From then we start to lose Richard in the record – the last time we see him is in the 1911 census, once more in Holloway. However the Holloway records for that period onwards are closed, so we don’t know how long he was there for. I have been unable to find any other definitive records for his life that point onwards – there is a grave in Australia for a Richard Kettle, b.1867 in England, which could be possible as we only know that Richard was baptised in January of 1868. This Richard died 1 September 1944 at the age of 77. Frustratingly he has no listed family or birthplace on his death certificate, so we can’t know for certain if it is him. Curiously he is in the Dane family vault in Springvale Botanical Cemetery, Victoria, which also contains the remains of Dr Paul Greig Dane – one of Melbourne’s leading psychiatrists, credited with being a pioneer of psychological treatments in Australia and, though not a psychoanalyst himself, founding the Melbourne Institute for training of psychoanalysts[iii]. It’s tempting to think that Richard left the UK for Australia and was able to find a place for himself there, perhaps forming a bond with the Dr Dane. Although we might never know for certain if it is the “right” Richard, I want to imagine that this is how he lived out his last years; building meaningful relationships, in a country he loved, amongst those who truly cared for him.

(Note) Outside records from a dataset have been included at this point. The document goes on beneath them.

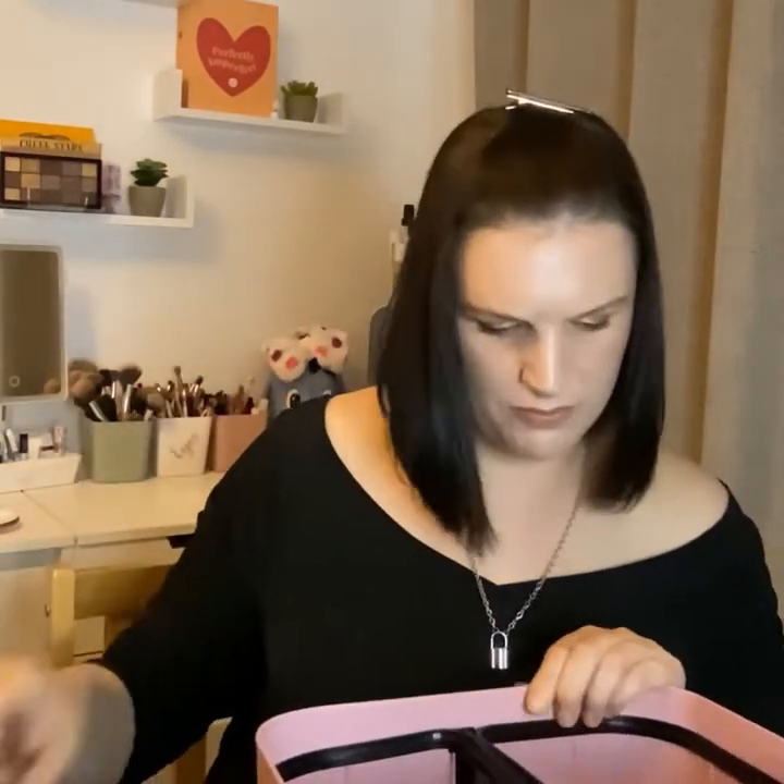This took me forever to work through — it's the Revolution Dewy Lip Sleeping Mask, I think they were trying to dupe the Laneige sleeping mask. It was okay, very very thick. I put it in the fridge because it started to melt when my bedroom got warmer, and that thickened it up. The only thing I didn't like was that after two hours I would have a lot of dry skin stuck to my lips that I'd have to scrub or wipe off — and that happened every single time I used it nightly. I don't want to be scrubbing my lips every day, so I won't be repurchasing it.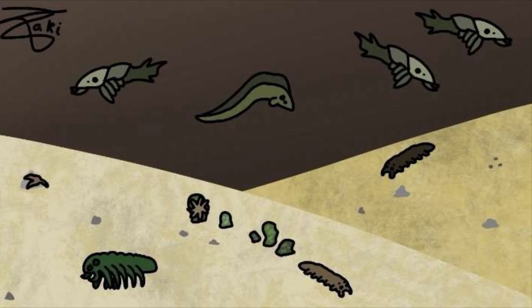Now that I have covered the animals inhabiting freshwater ecosystems, I hope to see you in the next episode where we cover the invasion of land. Goodbye.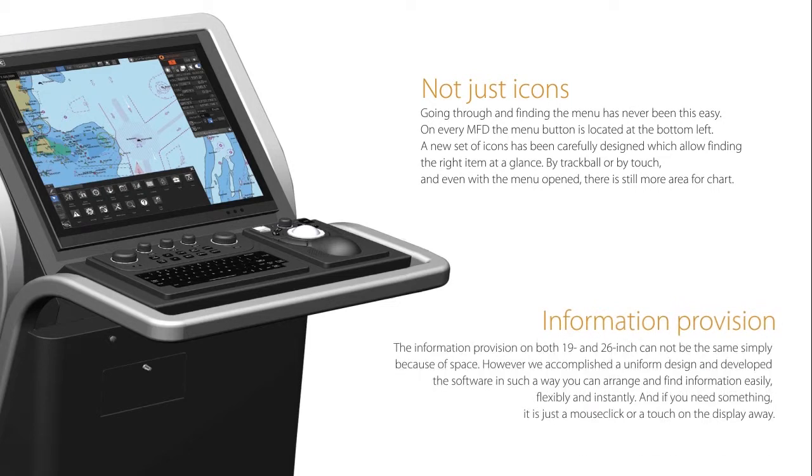Information provision. The information provision on both 19 and 26-inch cannot be the same simply because of space. However, we accomplished the uniform design and developed the software in such a way you can arrange and find information easily, flexibly and instantly. And if you need something, it is just a mouse click or a touch on the display away.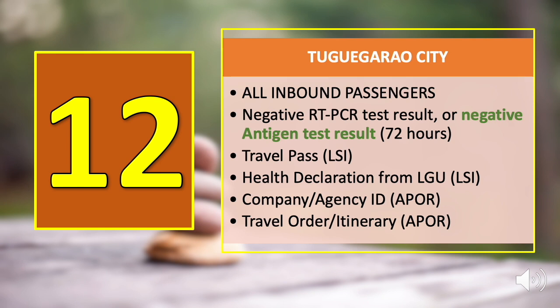Number twelve on our list is Tuguegarao City. For all inbound passengers, regardless of vaccination status, all are required to present either a negative RT-PCR test result or a negative antigen test result valid within 72 hours prior to entry to the city. For LSIs, you also have to present a travel pass and a health declaration from your LGU of origin. For APOR, you have to present a company ID and a travel order.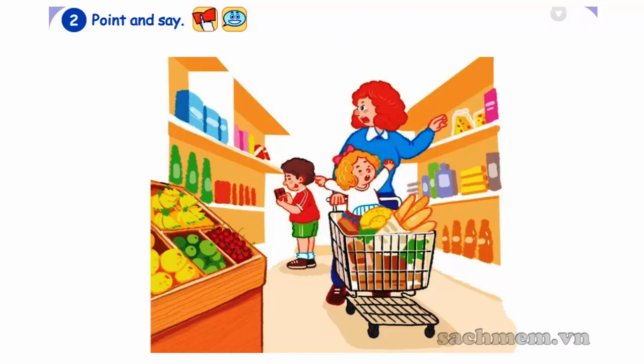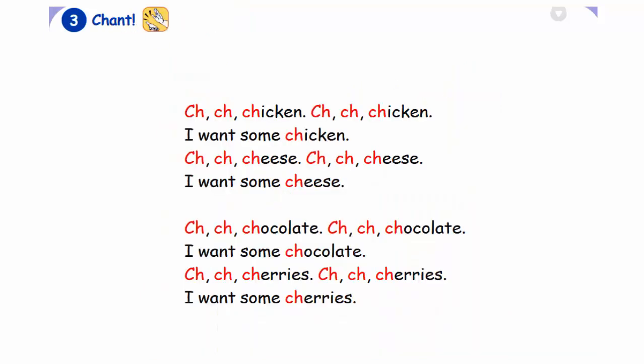2. Point and say. Chant: I want some chicken. Ch Ch. Cheese. Ch. Cheese. I want some cheese. Ch Ch. Chocolate. Ch Ch. Chocolate. I want some chocolate. Ch Ch. Cherries. Ch Ch Ch. Cherries. I want some cherries.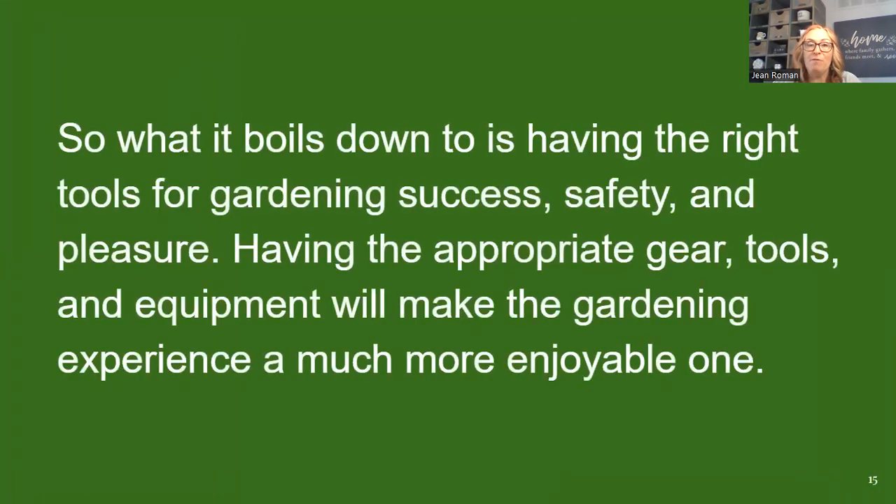One more thing before I wrap up — knee pads or little footstools. I use knee pads all the time in the garden because my gardens have peastone surrounding the beds, which is not nice to kneel on. Think about a knee pad or a little footstool you could sit on, especially if you have back issues. You don't have to give up gardening because of a back issue — you can find a way to garden safely. Having the right tools makes for gardening success, safety, and pleasure.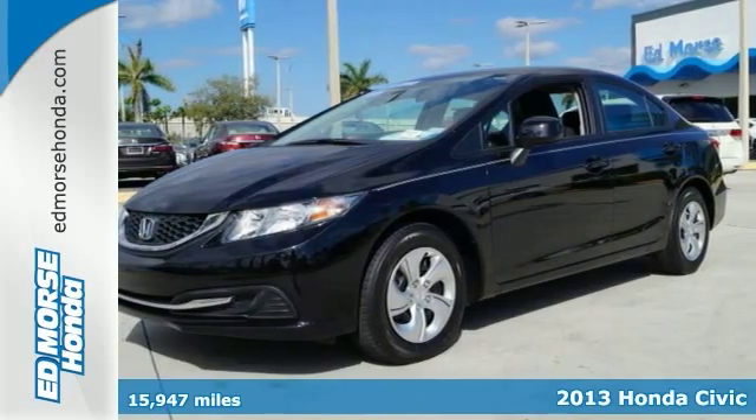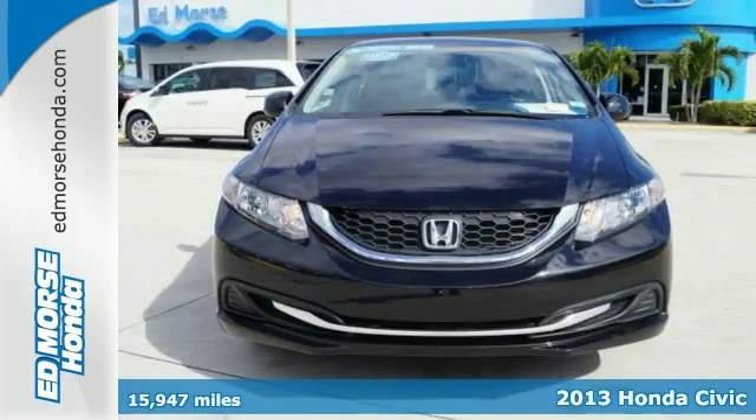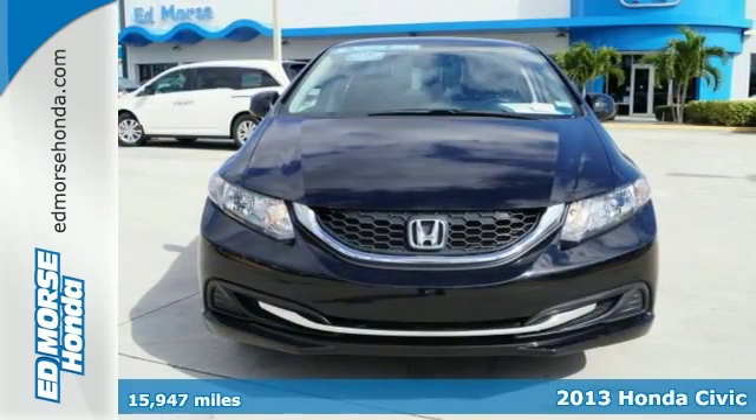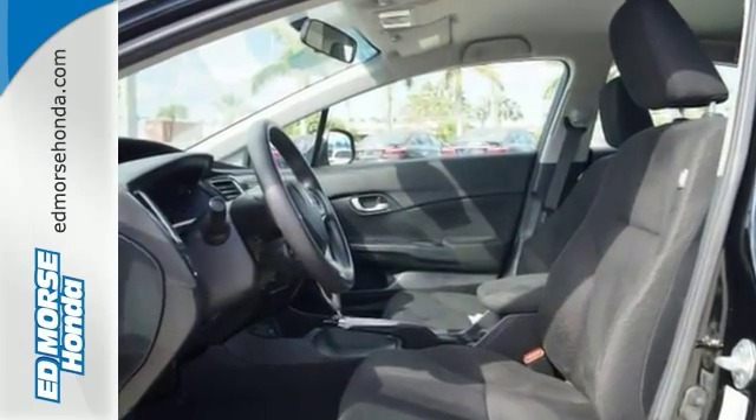It's a 2013 Honda Civic. This car will provide a very comfortable and safe riding experience for your passengers. Fuel efficiency is stellar with this Civic, as it can achieve up to 40 miles per gallon highway.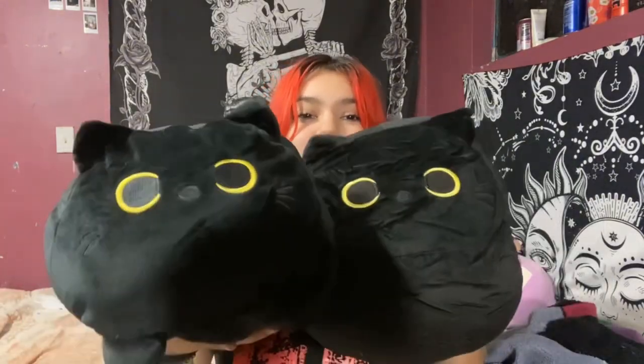He also got me these black cat plushie things, which are so cute. I initially thought they were the same one but they're not — this one is kind of laying down, and this one is more of a little round plush blob. They both have little tails. I love black cats, they're just so cute.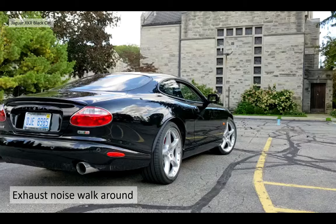It's a really nice sound cruising around with that deep V8 burble. Who doesn't like that?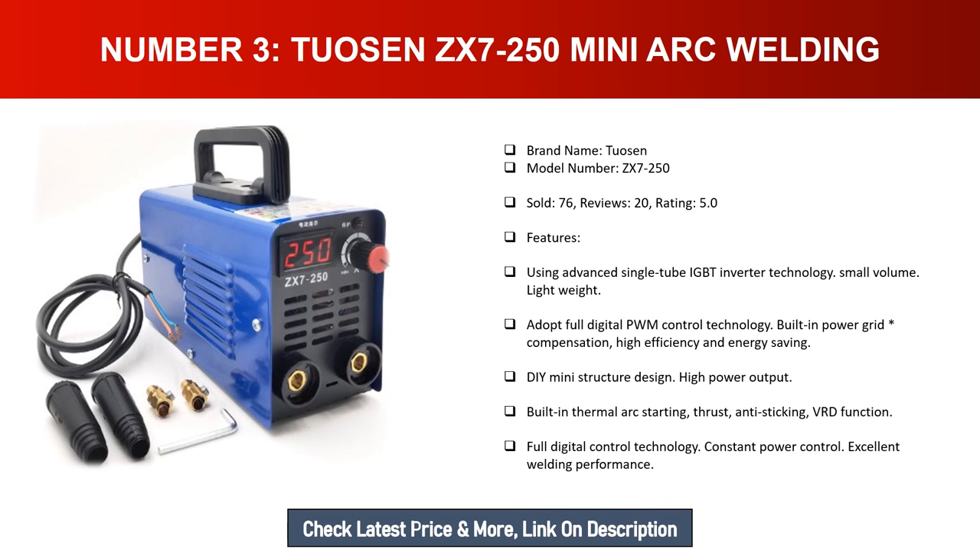Number three: Toasin ZX7-250 mini arc welder. Brand name: Toasin. Model number: ZX7-250. Units sold: 76. Reviews: 20. Rating: 5.0. Features include advanced single-tube IGBT inverter technology, small volume, lightweight design, full digital PWM control technology, built-in power grid compensation, high efficiency and energy saving, DIY mini structure design, and high power output.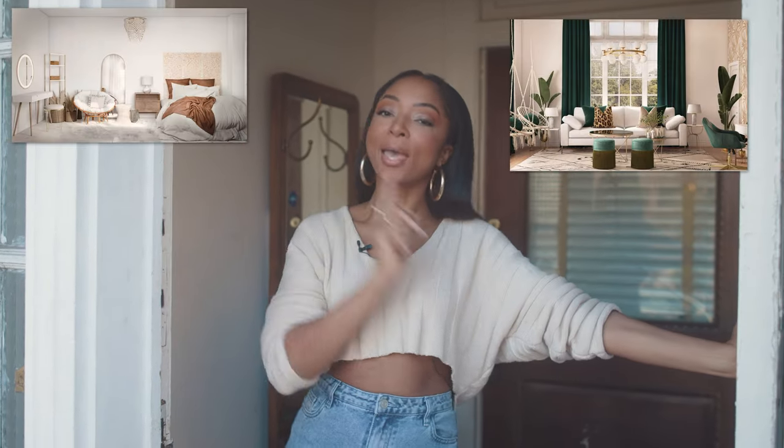I've been talking to you guys about my online interior designer Havenly.com, and today I have an update. I did three rooms with them, and those are the 3D renders. Come inside so I can show you what they actually look like in real life — it's my Havenly home tour.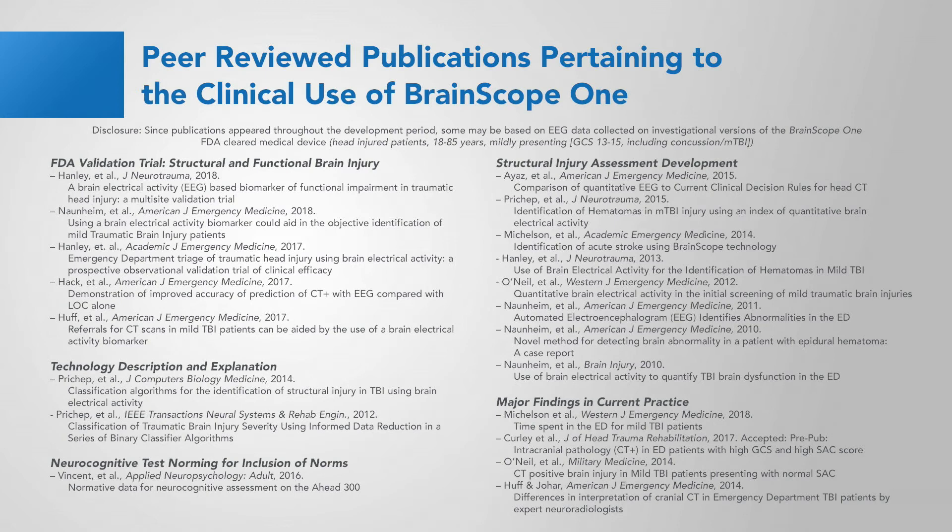This slide lists all the publications pertaining to the clinical use of BrainScope One, and a publication package is available upon your request. Thank you for your attention, and I urge you to view other videos in this series.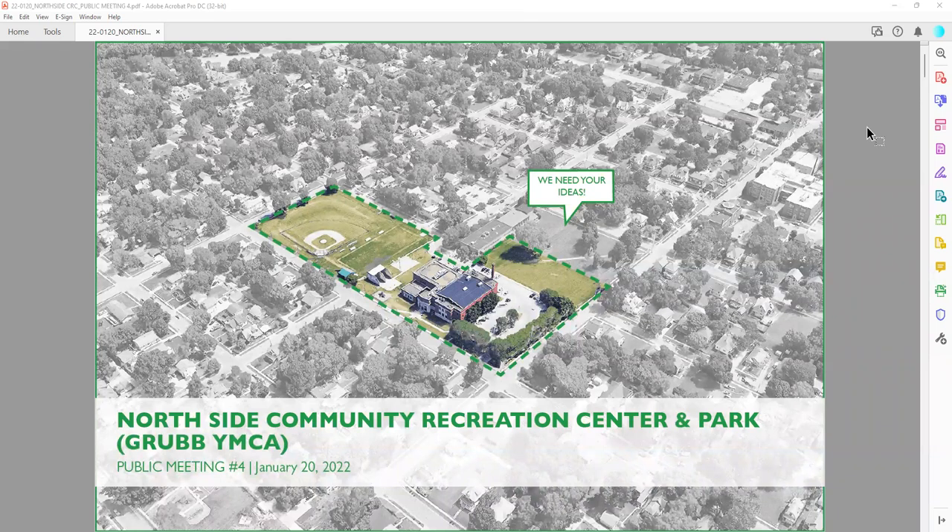Hello, everyone, and welcome to the presentation for the Northside Community Recreation Center and Park, also known as the GRUB YMCA. This is a presentation from public meeting number four that happened on January 20th. My name is Kathryn Darnstadt. I am the founder of Layton Design, an architecture and urban design firm based in Chicago, working with the fantastic design team of MA Architecture, Landscape, and many others on this particular project.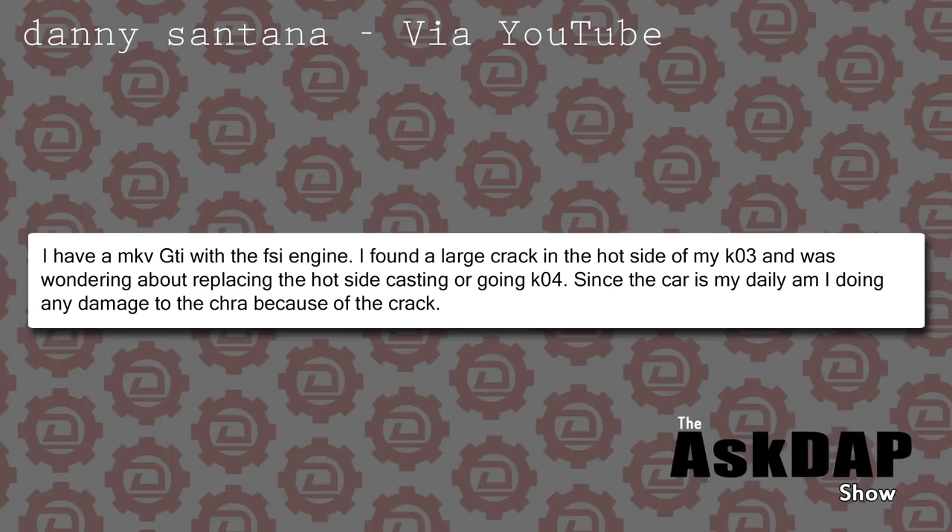Danny Santana via YouTube says: I have a Mark V GTI with the FSI engine. I found a large crack in the hot side of my KO3 and was wondering about replacing the hot side casting or going KO4. Since the car is my daily, am I doing any damage to the CHRA because of the crack? Danny, so you have an FSI engine and you have a cracked manifold. The FSI engine has the manifold and turbo all as one piece.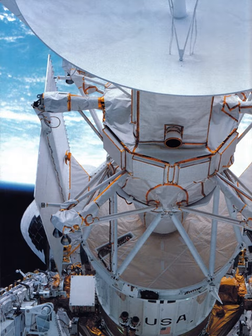Space Shuttle Atlantis lifted off from Pad B, Launch Complex 39 at Kennedy Space Center, Florida, at 14:46 Eastern Daylight Saving Time on 4 May 1989. The primary payload, the Magellan spacecraft with its attached Inertial Upper Stage, was successfully deployed later that day. Magellan was the first American planetary mission in 11 years.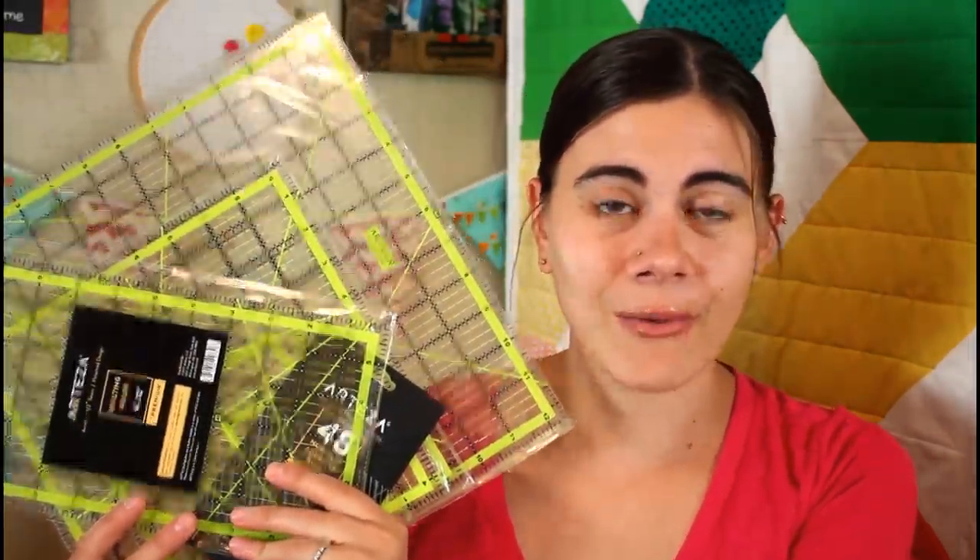They also sent 48 non-slip adhesive rings that you can put on the back side of your ruler so they don't slip around while you're cutting with a rotary cutter. They also sent a six-by-twelve-inch rectangle ruler, which is a really nice size. I like having a twelve-inch ruler and a twenty-four-inch long ruler — those are just really good sizes for projects. All of these items will be included in my 100,000 subscriber giveaway, and that's not even a dent in what's going to be in it.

[i] https://www.marlboroughhouseschool.co.uk/history. We can also see that one of Richard’s fellow students, George C Brooke, lost his life in World War One.
During my research I saw two photos of Richard Kettle – one taken at Bethlem in 1892, and one at the Holloway Sanatorium in 1903. He is wearing almost the same clothes in both, but in the second photo he looks much more tired and guarded. Richard found himself in and out of Holloway for at least 15 years between 1893—1908. I thought about his experiences in both institutions, about what he was carrying with him, and decided to represent this through a collage made up of images taken at Bethlem and Holloway, arranged to resemble his outfit in the photos.